The total asset and capital of MIG currently stands at ETB1 billion. The annual revenue of the companies operating under MIG is around ETB800 million. The incomes of Mintu Plast PLC and Wakene Food Complex take up the lion’s share.
Does MIG face foreign currency shortages?
Accessing foreign currency has become an upheaval. We could have opened a diaspora account but instead, we have preferred to engage in export businesses to generate hard currency to finance our imports.
How much do you earn from exports?
We generated USD4 million last year which we plan to double this year.
How have you managed to use this hard currency to finance your import business?
Banks’ default is becoming a big problem now. Commercial banks in Ethiopia are refusing to pay our suppliers abroad in hard currency even after the central bank approved the Letter of Credit (LC). We could not even access our own export-generated forex. By law, we are allowed to use 70Pct of the forex we get for our own imports. But banks use our dollars for other purposes instead of paying our vendors abroad. Even with funds in our accounts, LC approval takes more than two months. Then, banks take up to eight months to effect payment as per the approved LC. It is irritating.
To solve this problem, some Chinese, Indian and Djiboutian suppliers are now coming to Addis Ababa to physically take cash payments in birr, exchange into the dollar through the black market, and repatriate back home. The reason why many commercial banks are failing to effect approved LCs is because they have no forex in hand.
But banks claim importers are not utilizing approved LCs?
Previously, importers were required to pay 30Pct of the LC amount’s equivalent in birr upfront, and pay the rest when the shipment arrives. But now, banks require 100Pct from importers in advance. It is difficult to find the total amount at once. This is the major reason why many importers are failing to use the full or partial amount of approved LCs.
What challenges do you face while exporting?
Through Mintu Export, we export coffee as well as oilseeds like sesame. During the initial years of our operations, we learned that 98Pct of Ethiopian exporters breach their contracts due to quality issues.
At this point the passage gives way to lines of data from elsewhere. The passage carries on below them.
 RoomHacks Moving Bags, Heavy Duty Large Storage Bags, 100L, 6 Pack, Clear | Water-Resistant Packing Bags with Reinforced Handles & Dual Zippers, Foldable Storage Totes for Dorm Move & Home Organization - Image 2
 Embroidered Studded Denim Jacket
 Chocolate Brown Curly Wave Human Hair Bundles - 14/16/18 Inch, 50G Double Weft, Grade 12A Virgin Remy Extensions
As a result, we decided to install our own processing factory to solve the problem.
How do you see governmental policy regarding wheat importation and subsidization?
It has been ten years since the government started flour subsidies for the poor segment of society. Nonetheless, the imported flour has not been able to reach them. While very small amounts reach the poor, most of the flour is sold to commercial bakeries. As a result, the government stopped importing and supplying processing factories and thus, prices of wheat escalated by leaps and bounds as of last year.
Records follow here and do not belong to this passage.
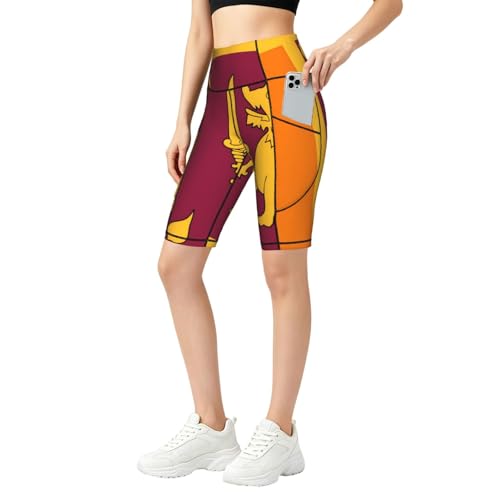 Short de yoga femme taille haute entraînement running avec poches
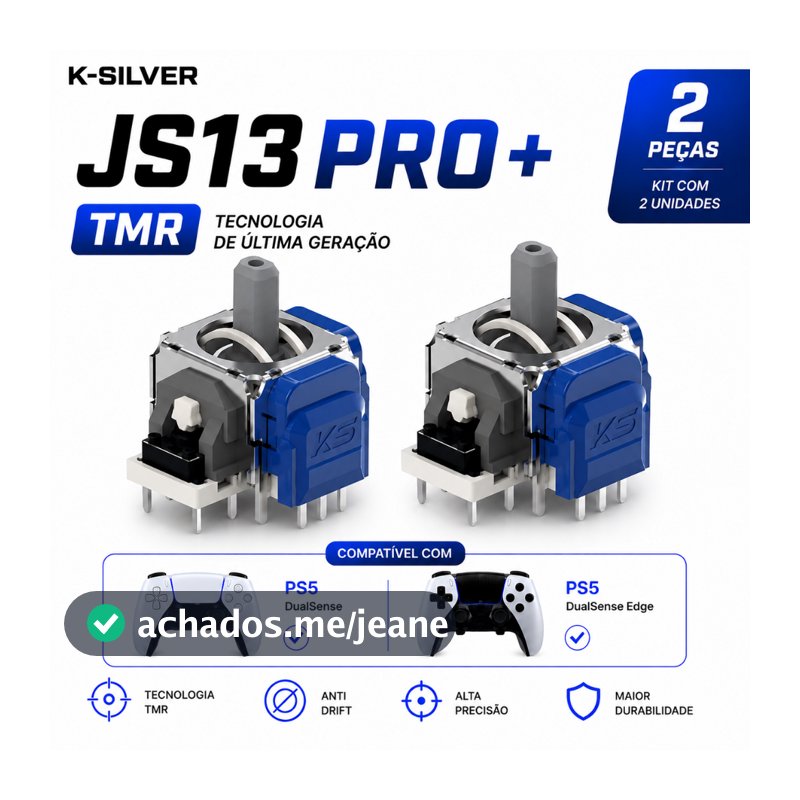 Kit 2 Analógico TMR Magnético K-Silver JS13 PRO+ Original Para PS5 DualSense Edge Anti Drift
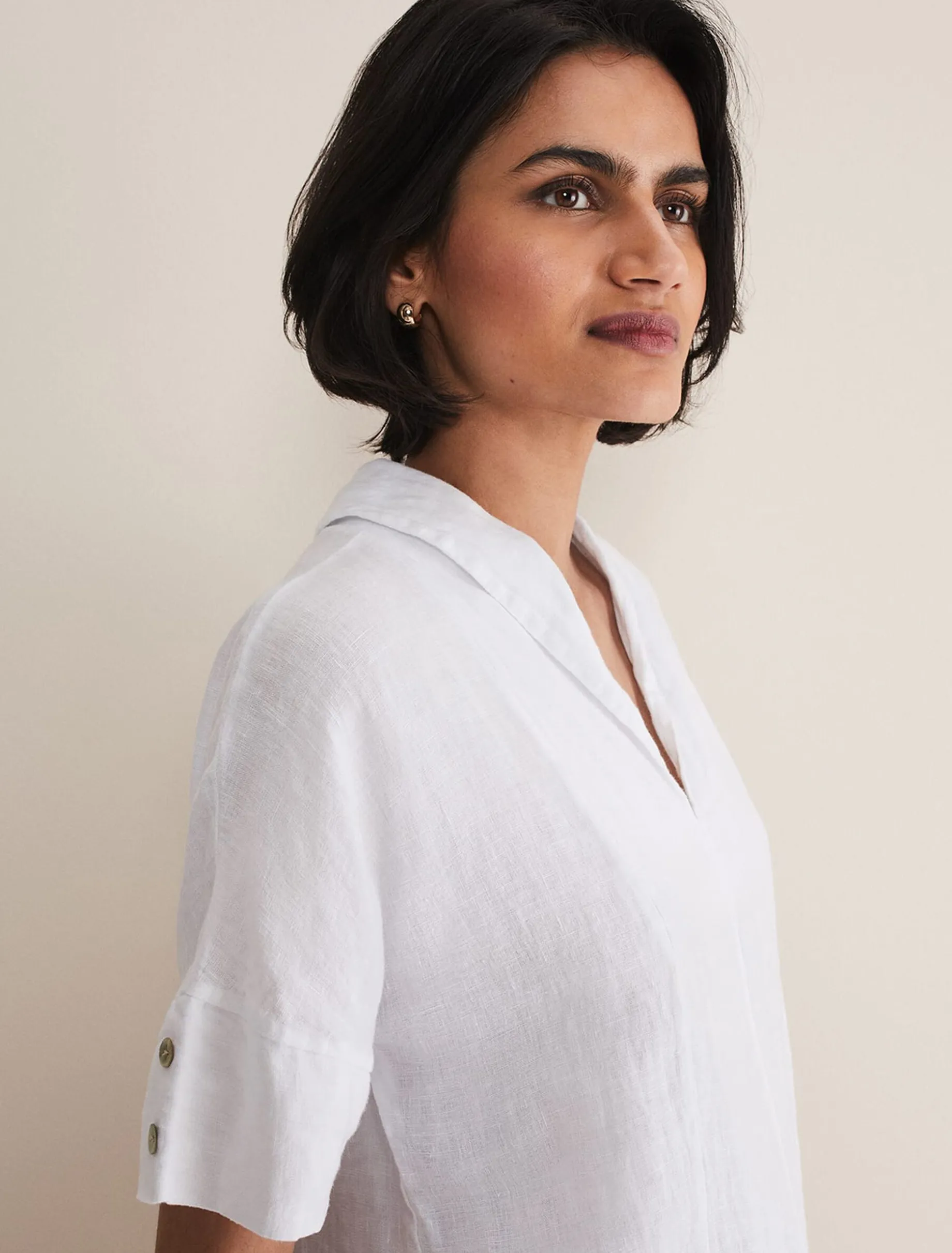 Shirts & Blouses^Phase Eight Carita V-Neck Linen Blouse White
I have never seen the price of flour increasing by more than ETB20 per quintal in my whole life. But this year, it increased by ETB150 in one go and is still escalating even now. We have no option but to accept smuggled wheat. However, the difference per metric ton is over ETB2,500 between government-supplied wheat and the informally available stock in the open market.
Why has the government’s policy regarding wheat failed?
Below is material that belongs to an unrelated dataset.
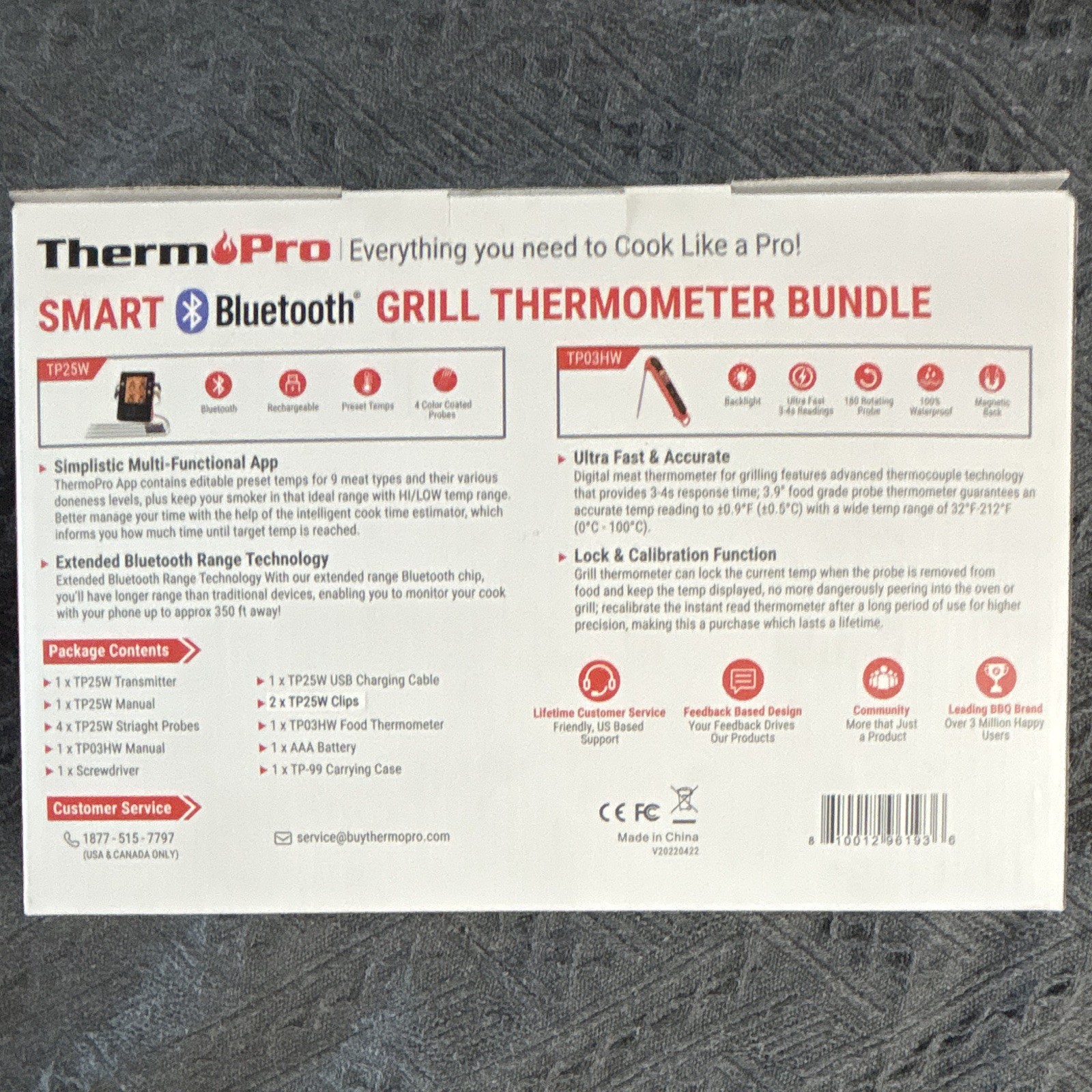 ThermoPro TP920W Bluetooth Digital Remote Read Grill Thermometer w/ Case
The policy failed because the government couldn’t control the supply chain. Currently, very few flour businesses that manage to access wheat from farmers are operating.
What do you think is the solution to solve the wheat shortage?
Ethiopia has the potential to become the second-largest wheat producer in Africa, next to South Africa. But the country has up to now only utilized only 20Pct of its potential. If we could double this, it will be possible to substitute imported wheat.
The plan of the current administration regarding expanding large-scale wheat farming is great. But, maintaining peace and stability is critical to achieve this plan. There are commodity shortages and an economic crisis looming ahead next year because many agricultural lands are skipping cultivation seasons due to conflict and war. The impact of the war, as well as sanctions and displacement, will be more visible by next year. Businesses will also start feeling the blow.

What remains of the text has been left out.